With all the usual caveats about preseason happy talk in mind, I still like what this little story represents:
Corey Moore had done the drill wrong, and Jeremy Pruitt wasn’t happy. He was even more unhappy when Moore began trying to explain why he had messed up.
“Is that what you’re gonna have, what we had last year, making excuses?” Pruitt said, according to Moore.
Moore, a senior safety, shook his head and said “no.” And Pruitt went on with the drill.
“That’s what we need,” Moore said later in an interview. “Some people hate it. But, at the end of the day, it’s gonna be for the best.”
“He puts you in every scenario in football, live football,” Moore said. “That’s what we need, and what we didn’t have last year.”
Moore used this word to describe Pruitt: “Perfectionist.”
“He feels like if someone’s not doing their job in the program, you should confront them,” he said. “If he’s not doing his job, he wants you to confront him, and if you’re not doing your job he’s gonna confront you. I feel like that was our biggest thing last year, we didn’t have too many people confronting each other, and just taking accountability when we were wrong.”

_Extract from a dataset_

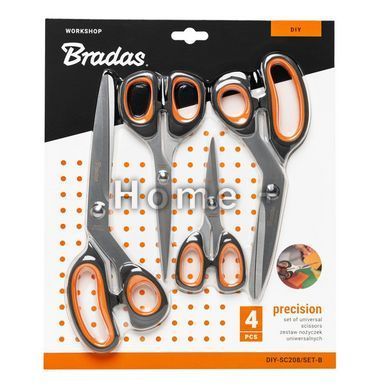 Набір ножиць універсальних PRECISION, 4 шт, HOME & GARAGE, DIY-SC208/SET-B DIY-SC208/SET-B фото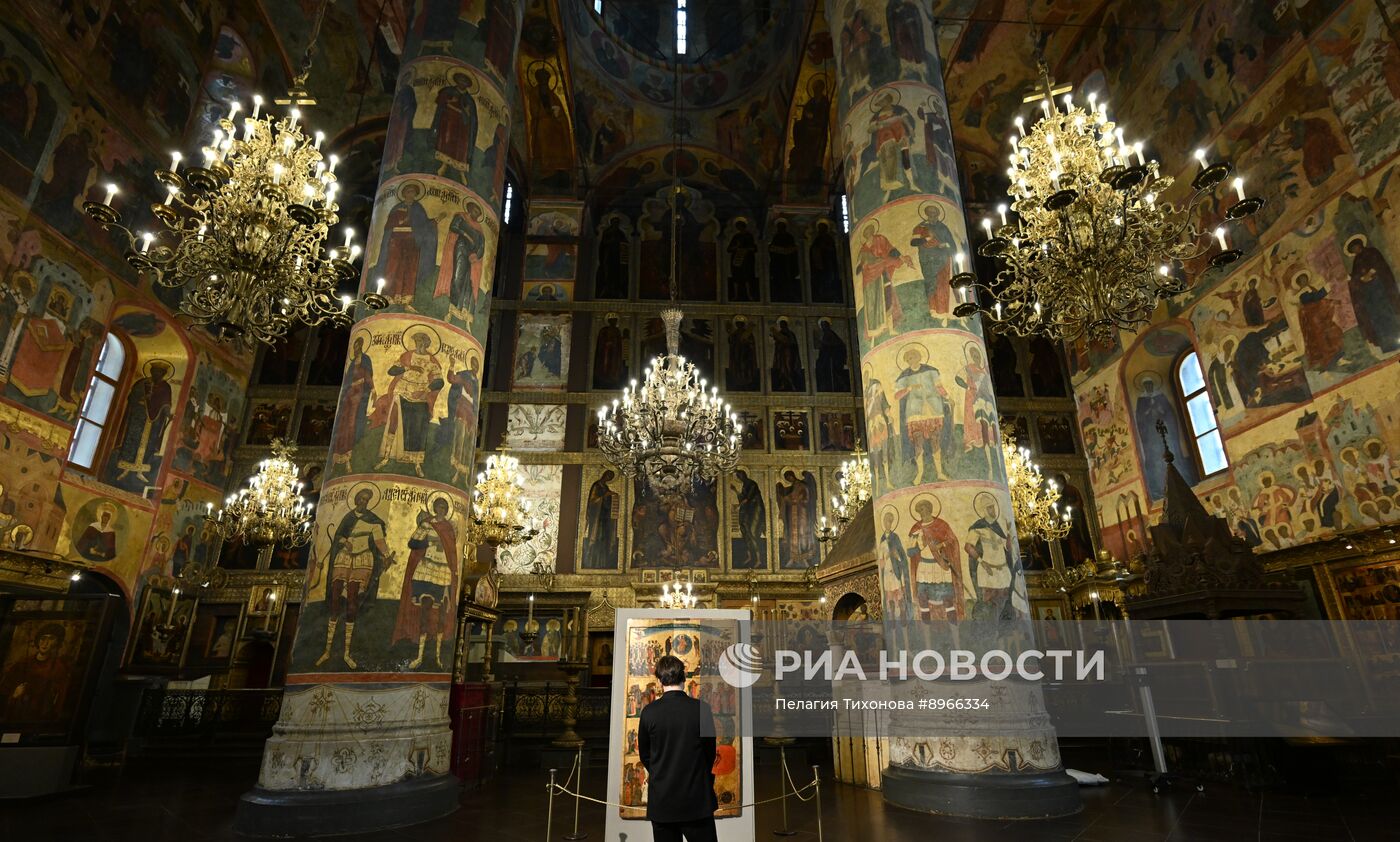 Презентация отреставрированной иконы "Страшный суд" в Успенском соборе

Such as that time in practice.
Again, it may prove to be a lot of offseason talk. Four years ago, defensive players were also bullish on the changes brought by Todd Grantham. But Grantham’s changes were more schematic. Pruitt’s have been different and, the Bulldogs fervently believe, stronger.
As I’ve said repeatedly, the end of Martinez’ stint was marked by players who didn’t believe in their coaches. Grantham came in and changed that attitude by showing that he knew football. The problem was that his NFL-type approach left his players second guessing themselves, especially the young ones who struggled to learn his complicated system. Pruitt seems to be aware that job one is getting the players’ confidence in themselves back. But that means breaking down a lot of ingrained behavior he inherited when he took over. Even if you think he’s a good enough coach to get his players where they need to be, it’s not likely to be a smooth, overnight transition. More like fits and spurts… with the hope that some sort of corner gets turned by mid-season. I guess we’ll know it’s working when Corey Moore stops making excuses.